It’s All Unraveling (Plague, Day 84, May 28, 2020)

First some links. The post office is in deep shit trouble. Before schools open, they have to figure out hundreds of logistical issues. The states won’t have the cash to save schools or anything else. Private schools, many of which serve poor kids and disable kids, might not make it. What happens when unemployment benefits run out in July?

This has been been my reading list for the past couple of days. Cheerful stuff, right? Meh, it’s nothing compared to my conversations with school leaders, and people on the ground floor of all this.

I hand my packages of used books to the middle aged Asian lady behind the sheet of plastic, who puts my parcels on the scale. She’s there every Tuesday and Friday, when I do this chore. Actually, she’s there 60 hours per week, because she’s the only person working behind the counter at this branch now. She said everybody else left or was fired. We share sad smiles behind masks.
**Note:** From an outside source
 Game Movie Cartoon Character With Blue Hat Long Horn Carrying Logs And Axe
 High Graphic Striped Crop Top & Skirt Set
With Steve just a few feet from me in constant meetings with the business folks from Wall Street, there’s not much cheerful news from that corner of the office either. I’ve plugged in my headphones to block out his meetings this morning.

Jonah has been trying to find work. He’s looking for something better than a supermarket job, but so far, no luck. This week, he’ll help out my dad at the food pantry and take care of some loose ends at school. I just don’t think it’s healthy for young adults to spend too much time in a house, so if he can’t find something better, he’ll be at the checkout lane at Stop and Shop.
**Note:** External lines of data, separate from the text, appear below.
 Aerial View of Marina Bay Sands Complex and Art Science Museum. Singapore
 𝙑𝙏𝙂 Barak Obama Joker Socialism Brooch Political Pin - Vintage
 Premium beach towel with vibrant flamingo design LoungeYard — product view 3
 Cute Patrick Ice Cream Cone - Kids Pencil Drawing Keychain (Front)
My job is to be the person who talks at every school board meeting about the needs of the kids, while we’re in the midst of a local tax revolt. I’ll write my write my articles. But mostly I’m keeping my own people here safe.

19 thoughts on “It’s All Unraveling (Plague, Day 84, May 28, 2020)

  1. Lots of new people working in the grocery store. You can tell when you buy onions and they look in the little book to see the number for onions.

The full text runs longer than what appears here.